Knowing ourselves to be loved by the Father as much as he loves the Son, is at the heart of what it is to have the mind of Christ. The Spirit, the Holy Spirit who knows God’s thoughts and ways, who is the personification of the communion of love that the Father and Son share has been given to us. We know this because we can look at the cross and the one who died on it and it means something very profound for us. It is the love of God objectively displayed for all to see. We look at the cross and understand that the self-giving, obedient love which Jesus the Son of God showed to us by going to the cross to reconcile us to the Father and destroy sin and death in the process is the way we ought to live. When we see the cross with eyes illumined by the Holy Spirit we see the way of the love of God. When we hear the gospel message amplified by the Holy Spirit, we hear the call to obedience and feel compelled to follow in that way to become ambassadors of reconciliation; compelled to question ourselves, our motives, our actions, our drives, and even our goodness and indeed find even that wanting in comparison to the great love of God in Jesus Christ. The Holy Spirit places within us and compels us to live by the same drivenness that characterizes Jesus' cruciform way of life: the same self-giving, unconditional, indeed sacrificial, and apparently wasteful love that is what defines being obedient to God the Father as was God the Son.

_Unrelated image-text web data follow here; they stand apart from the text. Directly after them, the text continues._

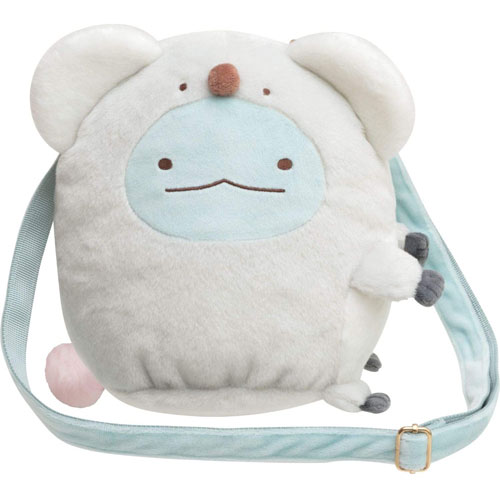 すみっコぐらし すみコレショルダーポーチ (すみっコアニマルパーク) CA11901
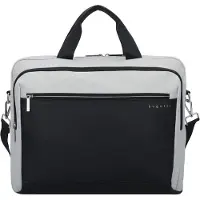 Bugatti Sera Valigetta Protezione RFID 42 cm Vano porta PC bianco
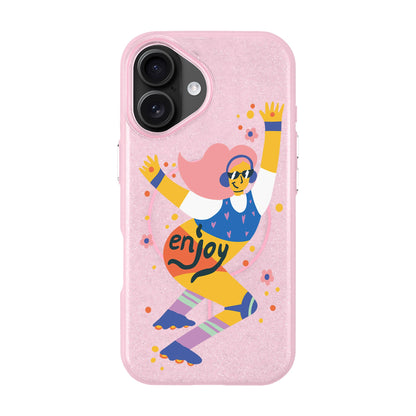 ENJOY-iPhone 16 Radiant Kılıf MagSafe Özellikli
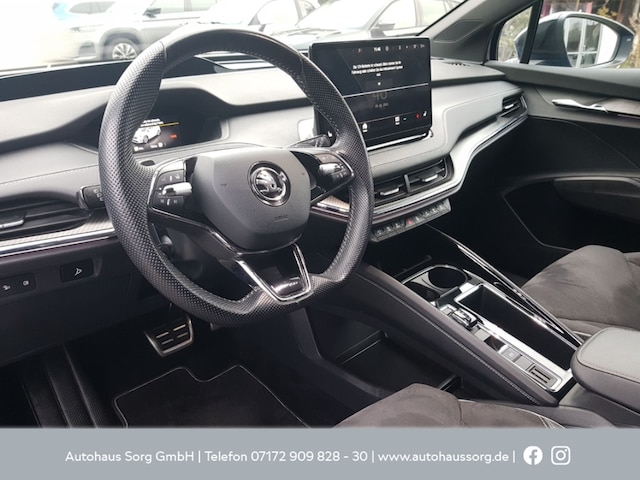 Skoda Enyaq Sportline iV 60
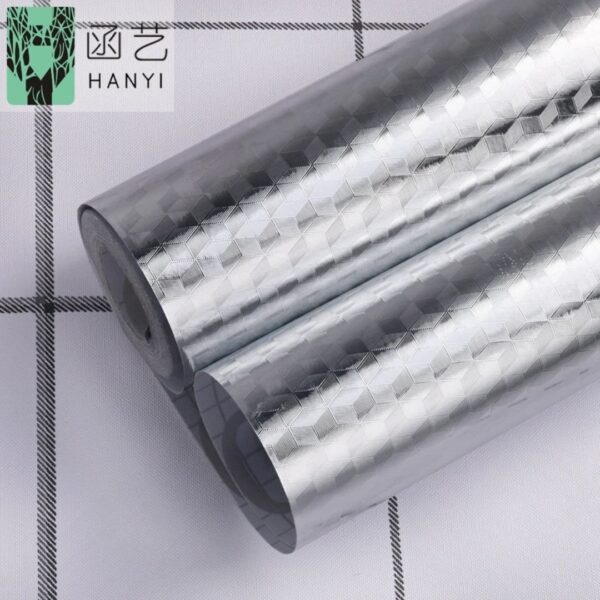 Aluminum Foil Kitchen Sticker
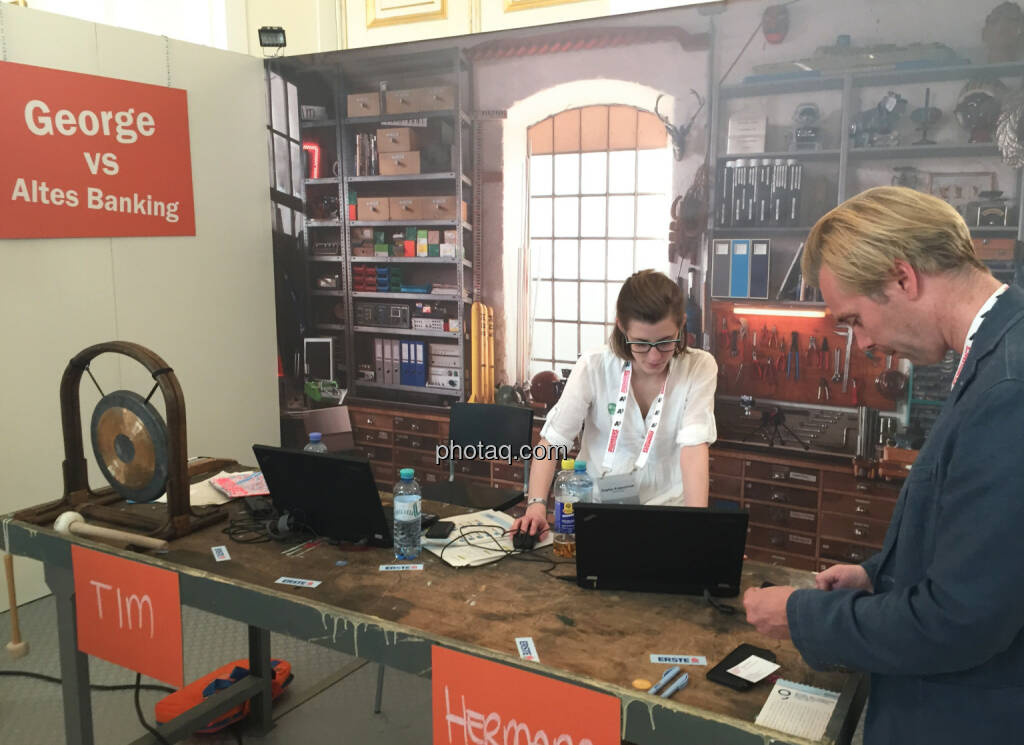 George Erste Bank Group (28.05.2015)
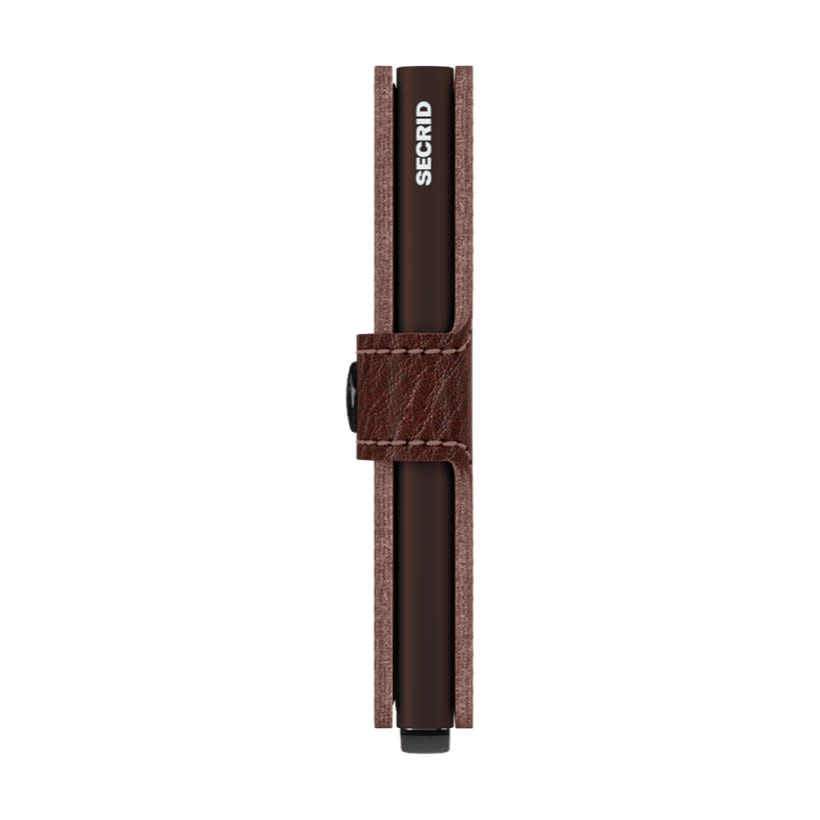 Secrid Miniwallet - Veg Espresso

All we really need to know about how to live and what to do and how to be we learn not in kindergarten but at the foot of the cross. The cross is wisdom to us not foolishness. The way of the cross is the wisest way to live in this world and by living it we come to understand better who our God is and what he has done for and indeed in us. In all it's weakness and shame the message of the cross is the power of God for our salvation. At the cross we see the extent of the love God has for us each and indeed all of creation. In the cross of Christ we see the self-giving way in which we must live and we desire to live by it. So, let the way of the cross be the lens through which you see and understand your life in Christ and live accordingly the reward is truly knowing Jesus. Amen.